As the popular saying goes, the best way to double money is to fold it and put it back in your pocket. In other words, you can’t save money if you’re always spending it.
For most people, saving is a lot harder than spending. There are so many daily temptations to spend money even when you can’t afford it.
On the bright side, you can still reduce your spending even if you don’t want to feel deprived or limited. Here are some clever ways to stop spending so much money all the time so you can do other things with your cash instead.
1. Break Down Your Monthly Budget
While it’s great to have a monthly budget, some of your unplanned extra purchases occur day-to-day. This means, you’ll need to put some safeguards in place to ensure that you’re keeping an eye on your spending more often.
A monthly budget or spending plan is a great way to get a clear overview of how you plan to spend over the next 30 days. However, if you find that you’re always overspending, try to break that down.
For example, if you have $400 left to spend after all your expenses and savings are covered, break that up into a $100/week free-spend budget to stick to. Sometimes you can even give yourself a daily number that you don’t want to exceed. ie. $15/day. Challenge yourself to have a few no spend days so you can roll that amount to the next day if needed.
2. Use Cash
Switching to a cash budget last year was one of the best moves I could have made financially. I still keep money in my checking account to cover automatic withdrawals and other bill payments.
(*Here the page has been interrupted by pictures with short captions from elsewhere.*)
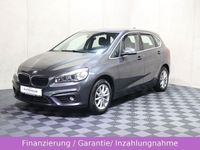 gebraucht BMW 218 Active Tourer i Advantage *NAVI*AHK*PDC*SHZ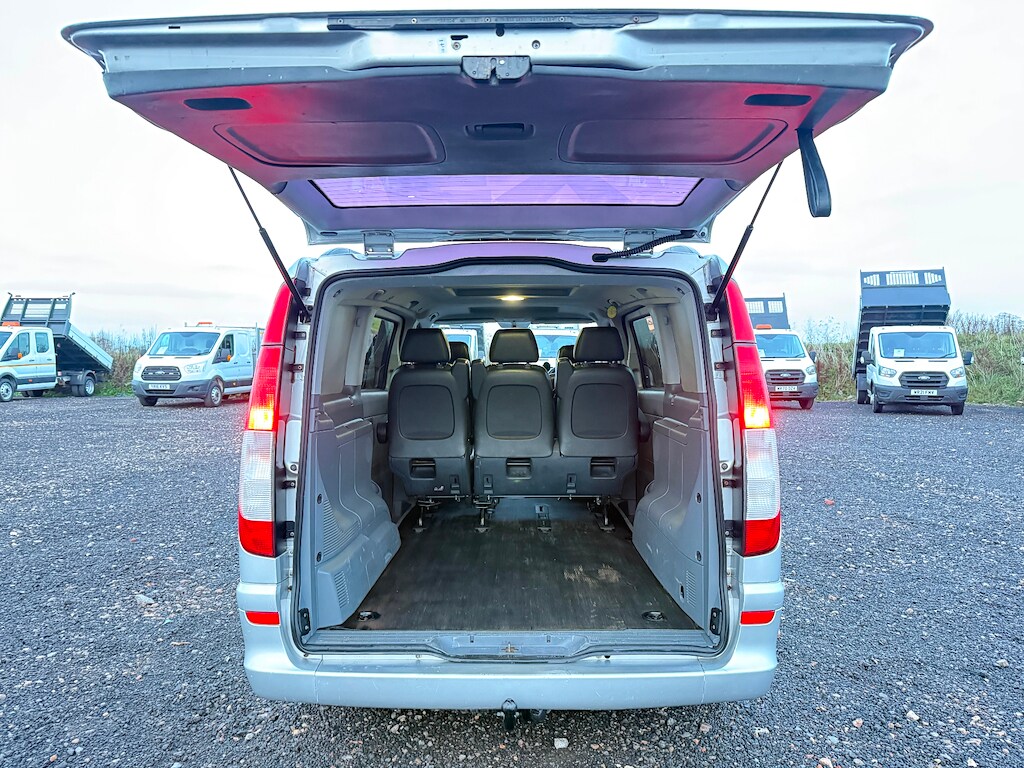 Used Mercedes-Benz Vito 2009 for sale - 76598019: Photo 10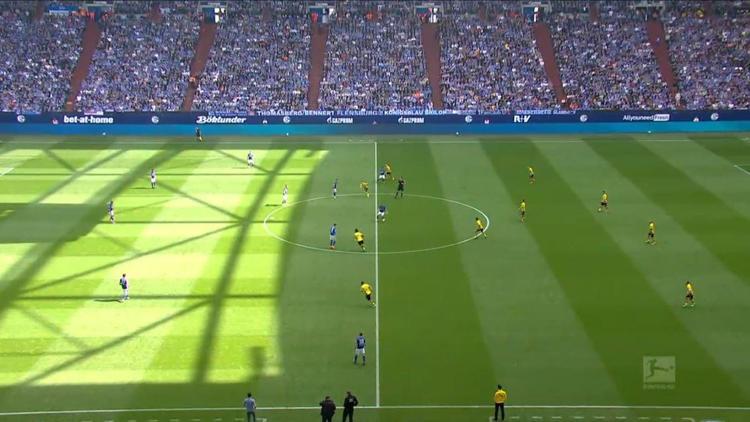 CANLI | Dev derbi Spor Arenada Schalke-Borussia Dortmund maçı şifresiz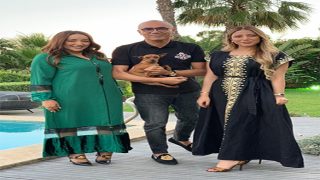 منتصر .. جميلة ويسرا في طنجة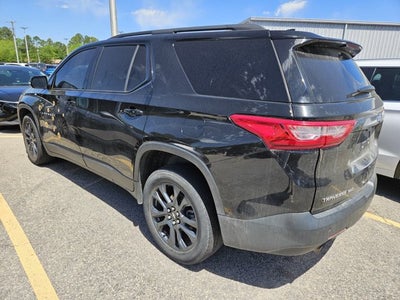 2020 Chevrolet Traverse RS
However, I take cash out each month to cover expenses like groceries, dining out, pets, haircuts, household items, gifts, misc. etc.
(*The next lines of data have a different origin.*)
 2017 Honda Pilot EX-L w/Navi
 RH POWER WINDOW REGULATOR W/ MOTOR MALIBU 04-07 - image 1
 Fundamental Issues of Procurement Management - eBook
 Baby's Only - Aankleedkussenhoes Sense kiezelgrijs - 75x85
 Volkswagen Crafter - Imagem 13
It’s much easier to manage my spending in this area by using the cash envelope budgeting system. I don’t have to worry about overspending since I can only spend the money in the envelope. I can even borrow from some categories if need be.
3. Find Cheaper Alternatives For Splurges
Track your spending to identify some of your biggest splurges throughout the month. Some expenses may not seem big at first, but when you review your bank statement, you’ll see that little purchases add up.
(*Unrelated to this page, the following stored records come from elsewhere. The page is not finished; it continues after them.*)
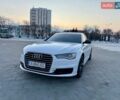 Белый Ауди А6, объемом двигателя 1.98 л и пробегом 152 тыс. км за 16000 $, фото 1 на Automoto.ua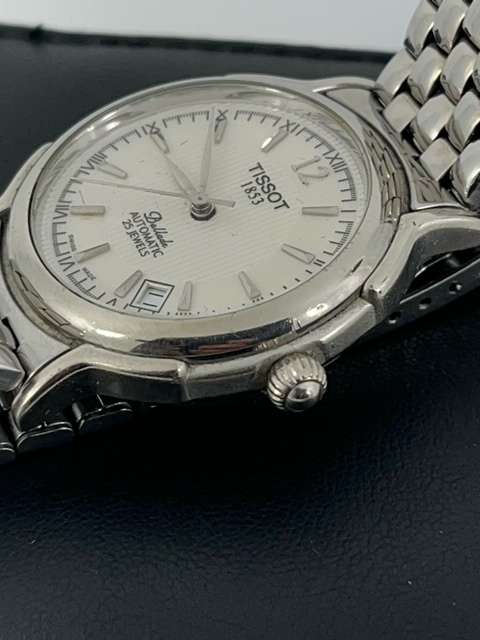 Tissot Ballade Automatic Gents Wrist Watch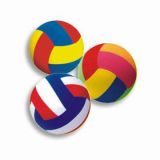 Toy Balls, Made of PVC and Terylene Cloth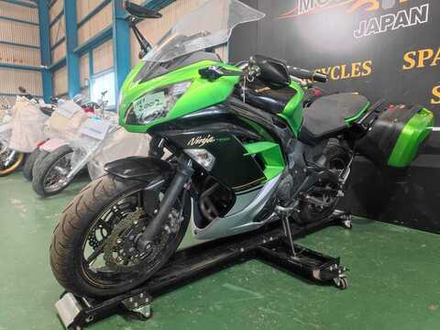 Kawasaki Ninja 400 SE , 2014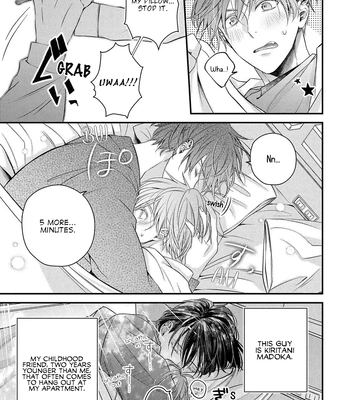 [ASAKAWA Sai] Osananajimi wa Mou Yameru [Eng] (c.1+2) — 7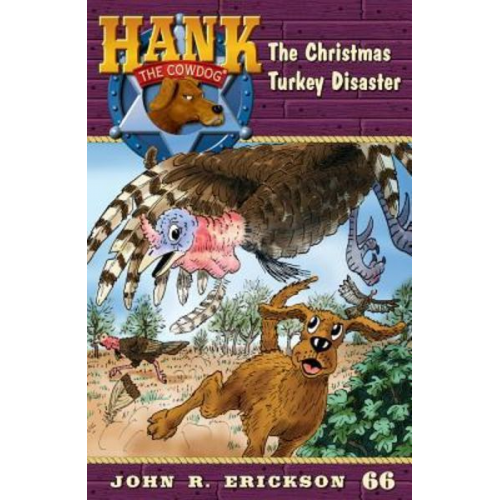 John R. Erickson - The Christmas Turkey Disaster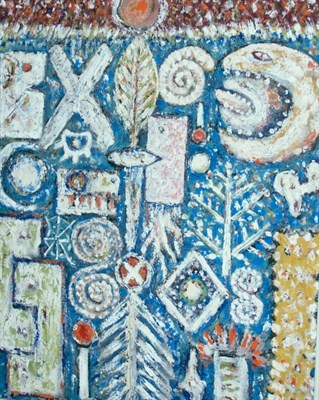 Lot 56 - Phillip Martin British, b. 1927 Untitled,...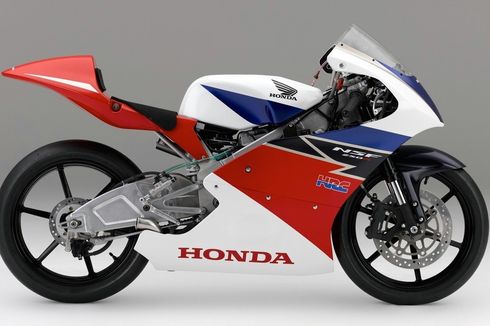 Mengenal Honda NSF250R, Motornya Calon Pebalap MotoGP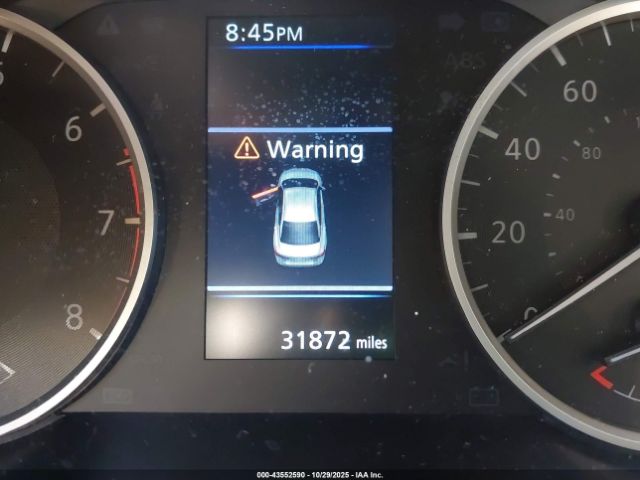 Nissan Sentra S Xtronic Cvt Image 17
I’m not a big coffee drinker but I love indulging and buying Starbucks every now and then. Over the past month I got into a bad habit of buying Starbucks several times per week just to perk myself up on the days that I was feeling tired or unmotivated.
Of course, those $5 cups of coffee added up but luckily, I purchased a Keurig machine from the Facebook marketplace. The other day, I was walking around in Target and craving some Starbucks. Instead of buying a $5 iced coffee, I spend $10 on a box of Starbucks k-cups instead.
The box contained 16 cups of caramel flavored Starbucks coffee which seemed liked a much better deal. Instead, I’m able to indulge in my coffee fix for just over $0.62 per cup. Your splurge may not be coffee, but you can apply a similar principle. See if there’s a cheaper way to obtain the splurge so you can enjoy it without overspending.
4. Meal Prep
Have takeout and fast food stops gotten the best of you lately? Buying restaurant food can be tempting because it’s convenient and there are often so many options.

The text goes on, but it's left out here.